Señora Rosario looked after her and then turned back to me. She still wore a look of amazement and shock.
“I am sorry to say it, but maybe you should return to Mexico, Delia,” she said. “Maybe that would be the best thing for you now.”
“Don’t be sorry. There is nothing I want more, Señora,” I told her. I looked toward my pillow, under which was Abuela Anabela’s letter. “Nothing.”
12
Hospital Visit
My grandmother had a saying whenever tragedy struck someone again and again. Un clavo saca otro clavo. One nail removes another—one grief cures another. I didn’t understand it then, but now I thought I did, because after learning what had happened to Edward, I soon put aside grieving over the terrible thing that had happened to me. This sorrow, this tragedy, diminished my own. It did not cure it, but it caused me to put it aside, to stop thinking about poor me and think about poor Edward shut up in this darkness, his beautiful, promising young life perhaps cut off at the knees, as my father might say.

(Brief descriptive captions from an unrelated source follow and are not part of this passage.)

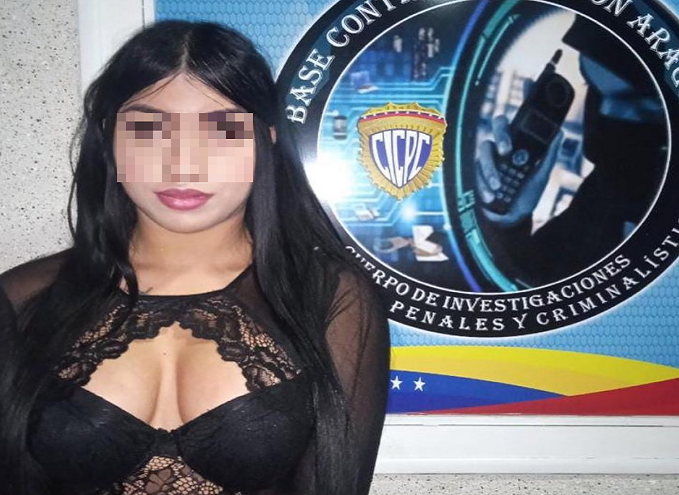 Detienen a modelo por extorsionar a hombres con los que tuvo encuentros íntimos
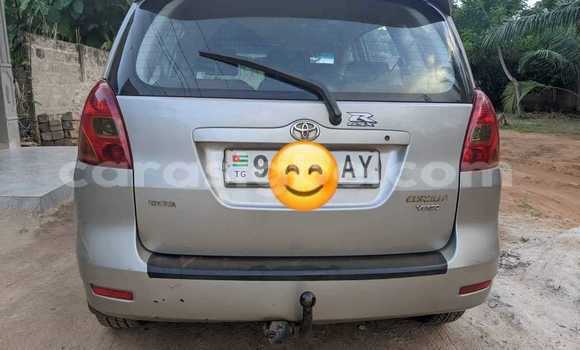Buy Used Toyota Corolla Verso Silver Car in Lome in Maritime Buy Used Toyota Corolla Verso Silver Car in Lome in Maritime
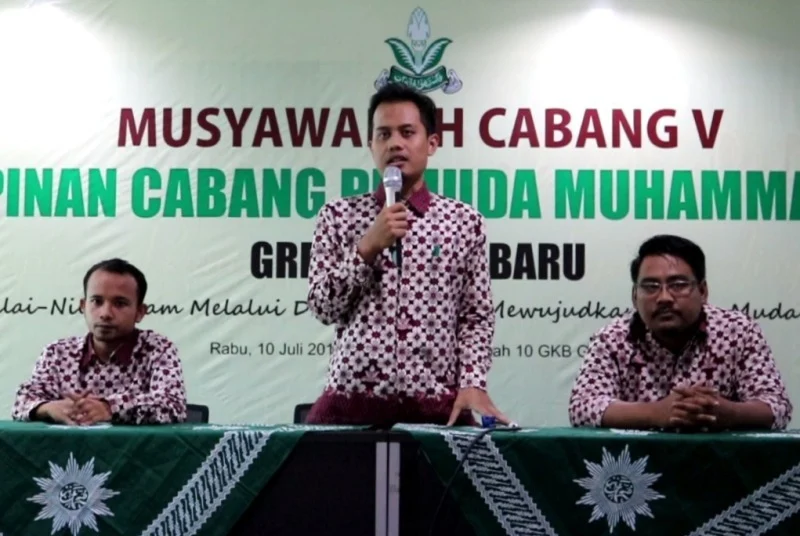 Terpilih sebagai Ketua Pemuda, Begini Pidato Pertamanya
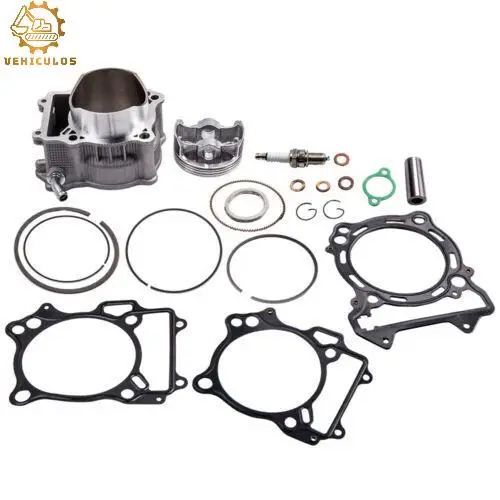 11191-13E00 1241-29F00 12140-29F00 09381-20004 Cylinder Piston Gaskets Rebuild Kit For Suzuki LTZ 400 DR-Z400 Kawasaki KFX400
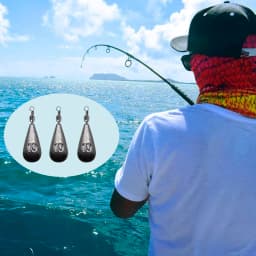 10pcs/lot Drop Shot Fishing Sinker 7g 10g 15g 20g 25g 30g Fishing Swivel Carp Fishing Weight Fishing Tackle Accessories
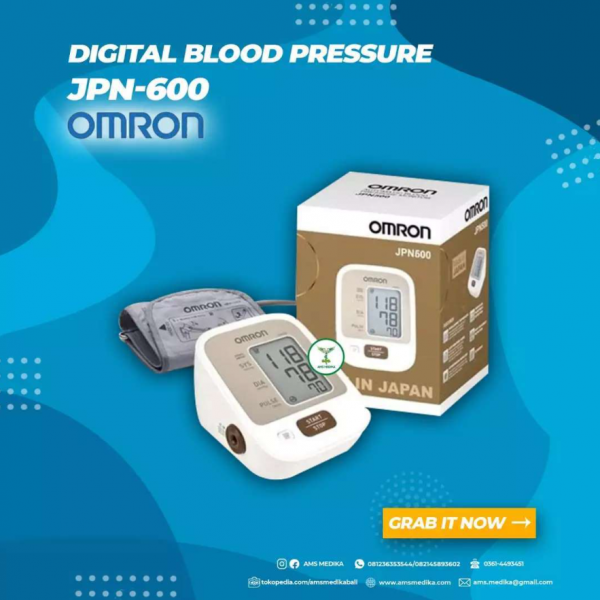 Digital Blood Pressure JPN600 Omron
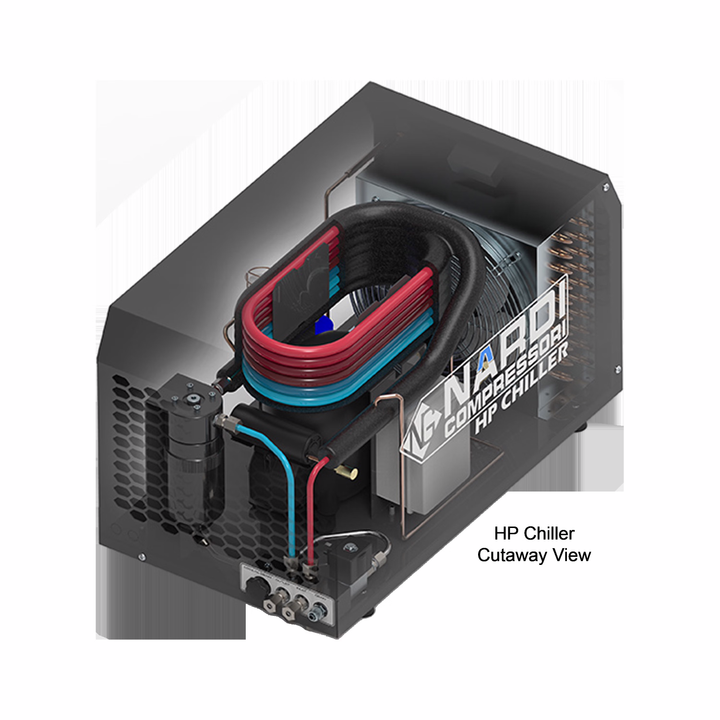 Nardi Chiller cutaway view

I thought now it was certain that Tía Isabela would send me back to Mexico. I waited in my bedroom, anticipating her arrival any moment. Sometime after midnight, I heard the voices of some people talking below, and then I heard footsteps outside my door. I was sitting on my bed, my hands in my lap, my head down, when she opened the door and entered. There was no longer any pretext, any airs of superiority, in her demeanor. She looked tired but, more important, like someone brought down to walk the earth with us mere mortals. Tragedy had sent her reeling back to her origins. As if to underline all of this, she spoke Spanish as if she had never learned how to speak English.

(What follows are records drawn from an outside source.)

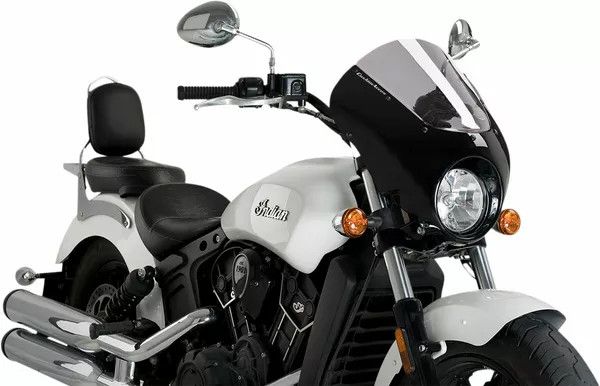 Custom acces - motoacces Cup0026h félig sötét éjszaka Szélvédő, plexi, fejidom 0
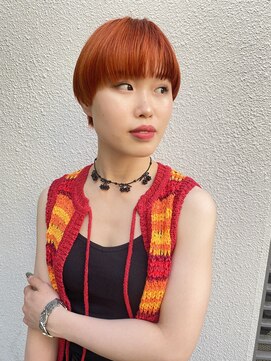 ロッソ 西荻窪(ROSSO) マッシュショート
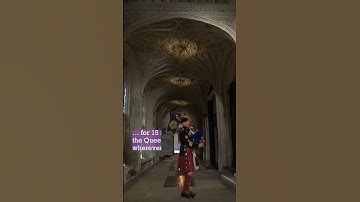 Thumbnail of The Queen's Personal Piper Plays her to Rest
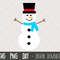 Snowman svg, christmas svg, snowman face svg file, snowman clip art, snowman png, xmas svg files, cricut silhouette svg cut cutting file.jpg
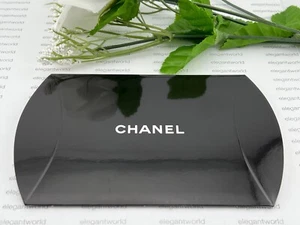 CHANEL Small Pillow Pack Empty Gift Box Container 3.5” Black NEW AUTHENTIC - Picture 1 of 7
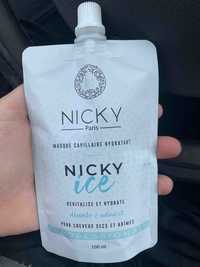 NICKY PARIS - Ice Masque capillaire hydratant
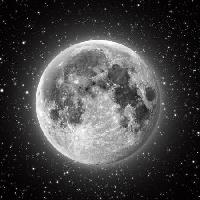 Pixwords Obraz z niebo, planety, ciemna, księżyc G. K. - Dreamstime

“You have heard what happened to Edward?”
“Yes. I am so sorry. How is he? Is it true that he is blind?”
“He has retina damage to both eyes caused by the airbag. He will need eye surgery, and the doctor doesn’t guarantee anything. They never do,” she said dryly. “Both retinas were torn badly.”
“I am so sorry.”
“Yes, well, instead of worrying about himself, he insists on my bringing you to see him first thing tomorrow morning, so you will not go to school,” she said.
“Me?”
Her eyes grew smaller as she stared at me. “Yes, you. He wouldn’t tell me why he was chasing after Bradley like that, driving so recklessly, and Sophia has locked herself away in her room. Some people are blessed with children. I am cursed with them.”
I shook my head. I wanted to say it wasn’t possible to be cursed with children, but I recalled how my mother had described her father’s feelings about Isabela. Surely, he had felt cursed, too. He was very bitter, and when she had left them and he had considered her dead, he justified it by saying, “Cuando el perro se muere, se va la rabia.” When the dog dies, the rabies are gone.
It would be too cruel to remind her of all that, I thought, even though it was on the tip of my tongue to say, As ye sow, so shall ye reap.